L'invasion du méchant plan-patafix (Locarno 2012-8)

Tout au long de cette 65ème édition de Locarno, une tendance s'est dégagée : l'us et abus de plans fixes. De Wo hai you hua yao shuo (Quand la nuit tombe), du chinois Ying Liang, à A ultima vez que vi Macau (La dernière fois que j'ai vu Macao), des portugais Joao Pedro Rodrigues et Joao Rui Guerra da Mata, en passant par les documentaires The End of time, du canadien Peter Mettler, et Far from Afghanistan, film collectif - et inégal - proposé dans la sélection Fuori Consorso, le plan fixe s'insinue, voire - pour les deux premiers cités - colonise tout à fait les œuvres présentées à Locarno.

Première hypothèse, mauvais esprit, le cinéma d'auteur n'a pas les moyens de se payer des chefs opérateurs : on pose la caméra, on tourne tout - ou presque - en plan séquence et hop, un salaire de moins, c'est toujours ça de pris. Deuxième hypothèse, encore plus mauvais esprit : le plan fixe fait très "auteur". Loin de Hollywood, on prend son temps, on s'attarde sur le contenu du cadre, la lumière, on prend ses distances avec les industries culturelles pour se rapprocher des arts plastiques.
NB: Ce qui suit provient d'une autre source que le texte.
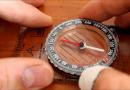 Kaip nustatyti azimutą naudojant kompasą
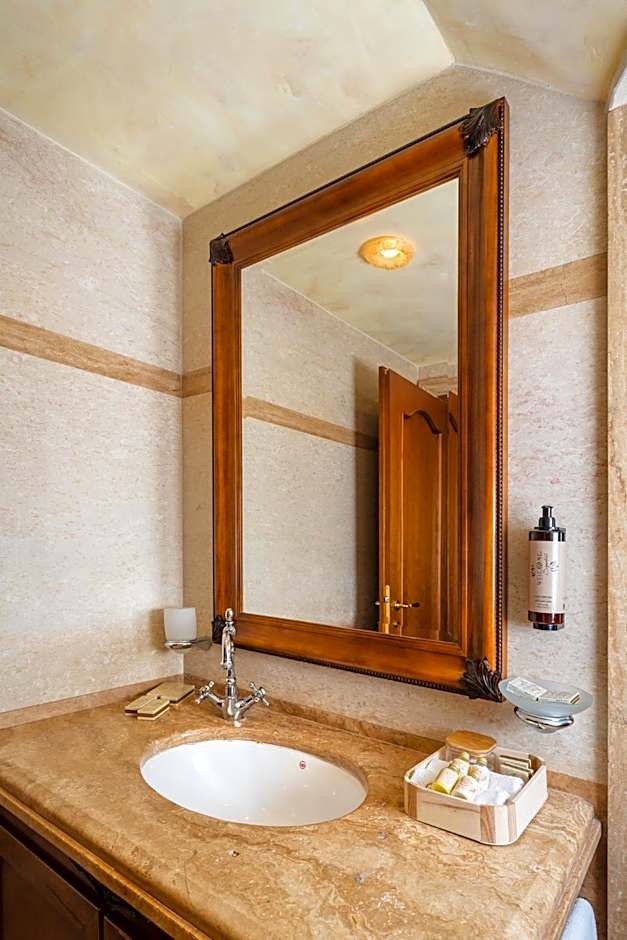 Festa Winter Palace Hotel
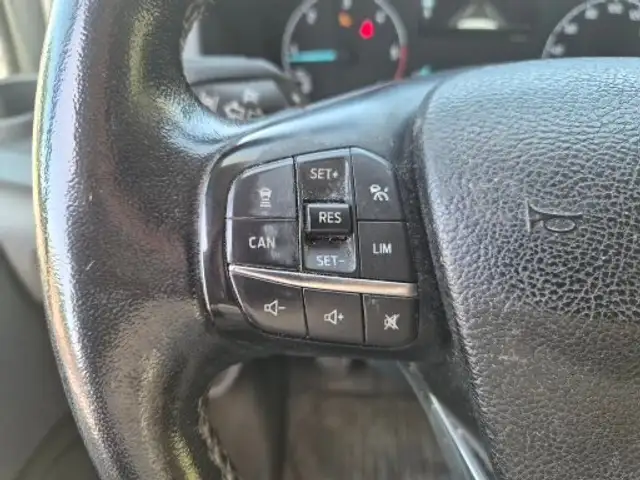 Ford Transit Custom view 23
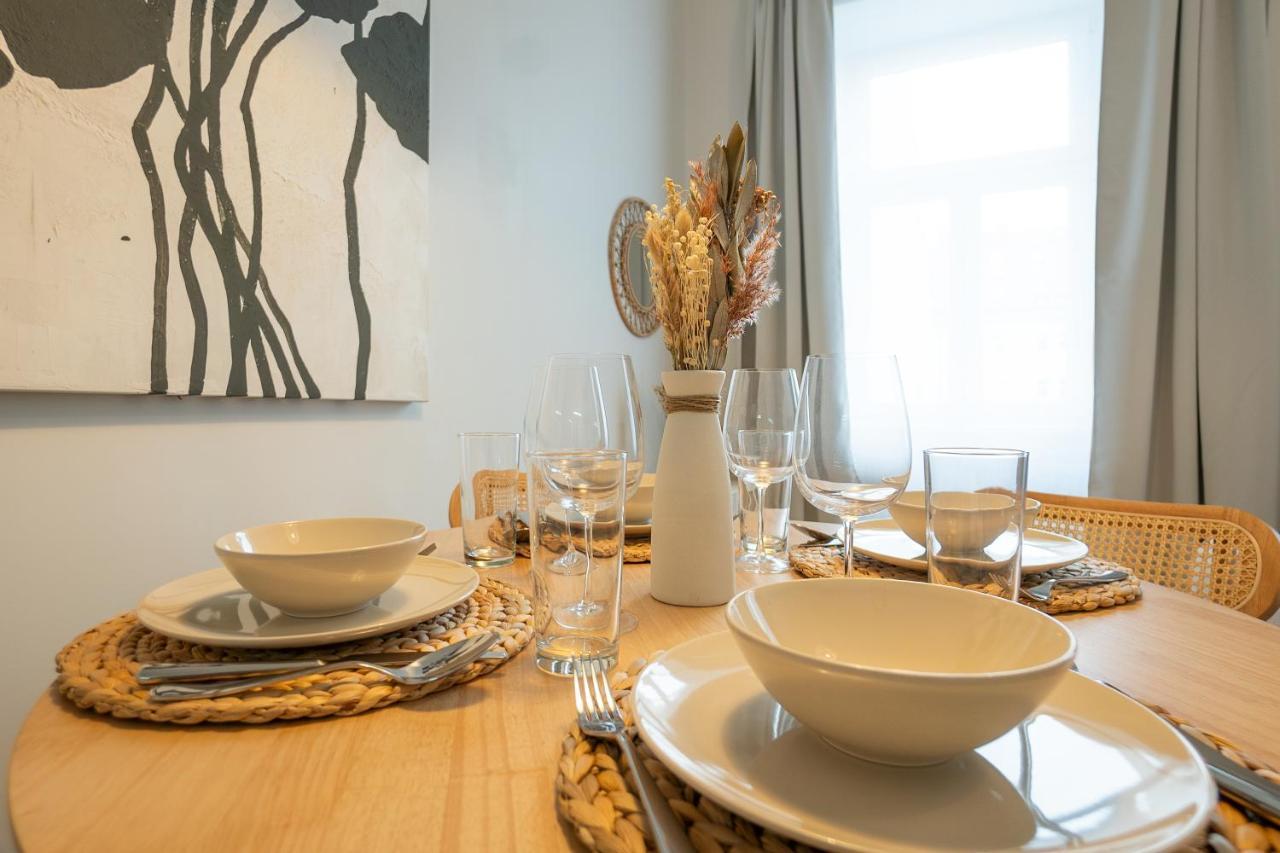 Brand-new 2-room In A Location Apartamento *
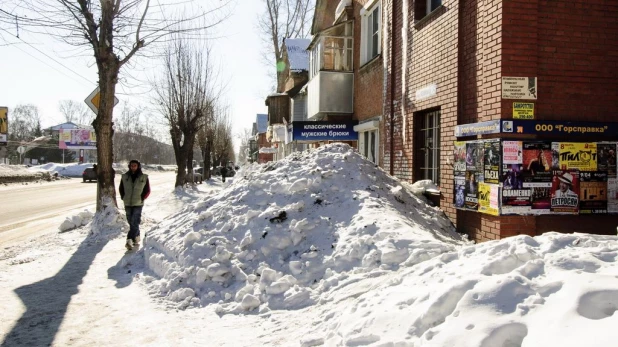 Уборка снега в Барнауле.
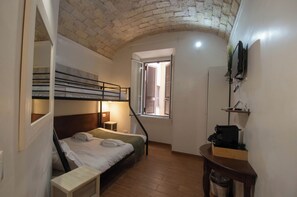 1 chambre, bureau, fer et planche à repasser, Wi-Fi gratuit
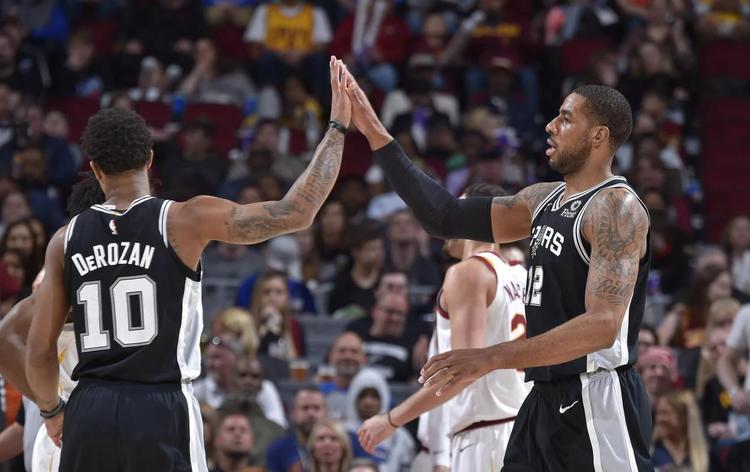 巴萨前高管：皇马就像校霸，只敢狂扁小朋友，碰到强的就缩了（巴萨前高管：皇马如校园霸凌者，欺弱避强）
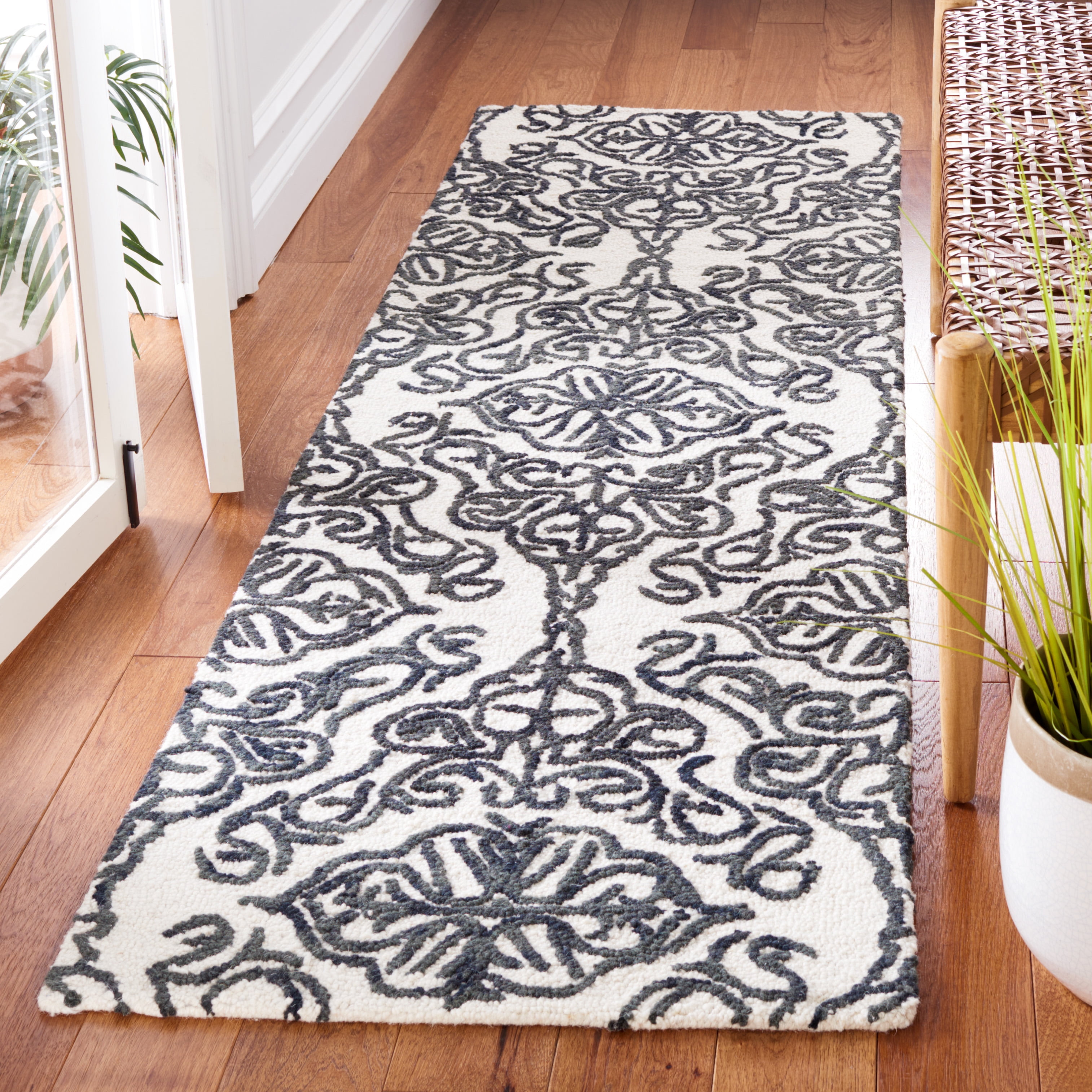 SAFAVIEH Blossom Asher Geometric Wool Runner Rug, Ivory/Black, 2'3" x 8'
La palme revient à Leviathan, par ailleurs techniquement bluffant, réalisé sur un bateau de pêche à l'aide de caméras GoPro fixées un peu partout pour plus de deux cents heures de rush. Après de (très) longs moments passés à observer des filets déversant des poissons, des pêcheurs faisant le tri parmi des coquillages et d'autres découpant des raies, on trépigne, on attend le surgissement de Moby Dick. Pas de chance, en lieu et place de la terreur des mers du Sud, on a la joie de contempler, pendant plusieurs minutes, le capitaine et sa moustache, face à sa télévision - et à nous, en train de piquer gentiment du nez. Ce serait de l'art contemporain, ce pourrait être une belle mise-en-abîme : le spectateur face à lui-même et plongé dans un insondable ennui, etc. Vu le reste du film, je pencherais plutôt pour l'hypothèse du trait d'humour involontaire.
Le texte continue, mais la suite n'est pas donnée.